Real Symmetric Endomorphism: Diagonalizability and Eigenvalues Explained

[penguin007]

Hi,

We know that if u is a real symetric endomorphism, then u has a real eigenvalue and that u is diagonalizable.
But can we say that u is diagonalizable with only real eigenvalues?

 

[HallsofIvy]

Yes. Since you are talking about eigenvalues, I take it that u is an endomorphism on some vector space (a linear transformation from vector space V to itself). Specifically, if u is symmetric and $\lambda$ is an eigenvalue, then there exist non-zero x such that ux= \lambda x. Further, we can take x to have magnitude 1: <x, x>= 1. Then $\lambda= \lambda<x, x>= <\lambda x, x>= <ux, x>= <x, ux>$ (because u is symmetric). $<x , ux>= \overline{<ux, x>}= \overline{\lambda x, x}= \overline{\lambda}\overline{<x, x>}= \overline{\lambda}$.
(The overline indicates complex conjugation.)

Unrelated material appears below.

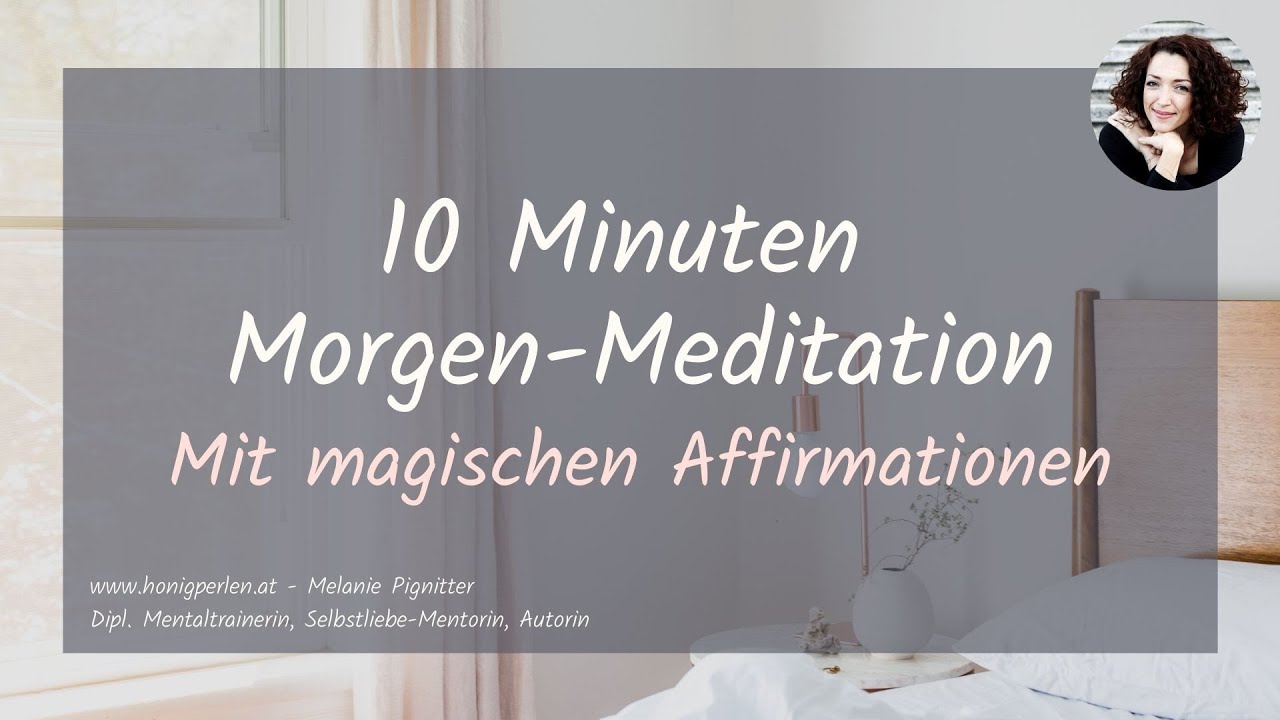 Morgenmeditation mit magischen Affirmationen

Since $\lambda= \overline{\lambda}$, $\lambda$ is real. That is all eigenvalues are real for a symmetric endomorphism.

 

[penguin007]

I think you forgot an overline in the end, but I can't understand why we have:
<x,ux>=conjugate(<ux,x>) ?

 

[HallsofIvy]

I think you forgot an overline in the end, but I can't understand why we have:
<x,ux>=conjugate(<ux,x>) ?

One of the requirements in the definition of "inner product" is that $<u, v>= \overline{<v, u>}$. Of course, if the vector space is over the real numbers, that is the same as "<u, v>= <v, u>" but then your question is trivial.